At his return he published his Travels, with a dedication to Lord Somers.
As his stay in foreign countries was short, his observations are such as might
be supplied by a hasty view, and consist chiefly in comparisons of the present
face of the country with the descriptions left us by the Roman poets, from
whom he made preparatory collections, though he might have spared the trouble
had he known that such collections had been made twice before by Italian
authors.
The most amusing passage of his book, is his account of the minute
republic of San Marino; of many parts it is not a very severe censure to say
that they might have been written at home. His elegance of language, and
variegation of prose and verse, however, gains upon the reader; and the book,
though a while neglected, became in time so much the favourite of the public,
that before it was reprinted it rose to five times its price.

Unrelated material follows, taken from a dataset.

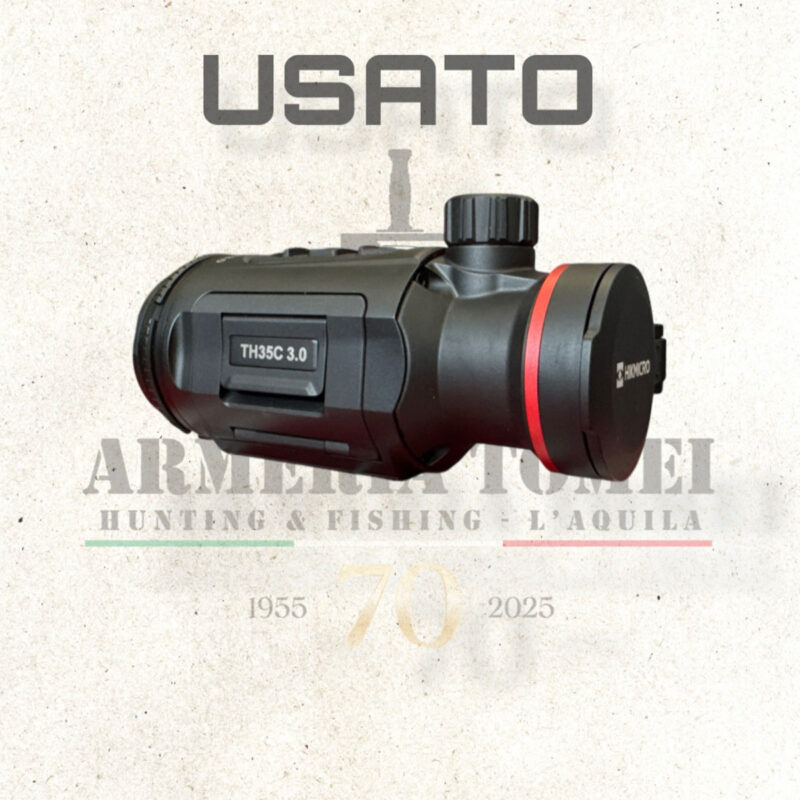 USATO - MONOCOLO TERMICO - HIKMICRO - THUNDER TH35C 3.0 Thermal Monocular - immagine 2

When he returned to England (in 1702), with a meanness of appearance
which gave testimony of the difficulties to which he had been reduced, he
found his old patrons out of power, and was therefore for a time at full
leisure for the cultivation of his mind, and a mind so cultivated gives reason
to believe that little time was lost.
But he remained not long neglected or useless. The victory at Blenheim
(1704) spread triumph and confidence over the nation; and Lord Godolphin
lamenting to Lord Halifax, that it had not been celebrated in a manner equal
to the subject, desired him to propose it to some better poet. Halifax told
him that there was no encouragement for genius; that worthless men were
unprofitably enriched with public money, without any care to find or employ
those whose appearance might do honour to their country. To this Godolphin
replied, that such abuses should in time be rectified; and that if a man could
be found capable of the task then proposed, he should not want an ample
recompense. Halifax then named Addison; but required that the Treasurer should
apply to him in his own person. Godolphin sent the message by Mr. Boyle,
afterwards Lord Carleton; and Addison having undertaken the work, communicated
it to the Treasurer, while it was yet advanced no further than the simile of
the Angel, and was immediately rewarded by succeeding Mr. Locke in the place
of Commissioner of Appeals.
In the following year he was at Hanover with Lord Halifax; and the year
was made under-secretary of state, first to Sir Charles Hedges, and in a few
months more to the Earl of Sunderland.
About this time the prevalent taste for Italian operas inclined him to
try what would be the effect of a musical Drama in our own language. He
therefore wrote the opera of Rosamond, which, when exhibited on the stage, was
either hissed or neglected; but trusting that the readers would do him more
justice, he published it, with an inscription to the Duchess of Marlborough; a
woman without skill, or pretensions to skill, in poetry or literature. His
dedication was therefore an instance of servile absurdity, to be exceeded only
by Joshua Barnes` dedication of a Greek Anacreon to the Duke.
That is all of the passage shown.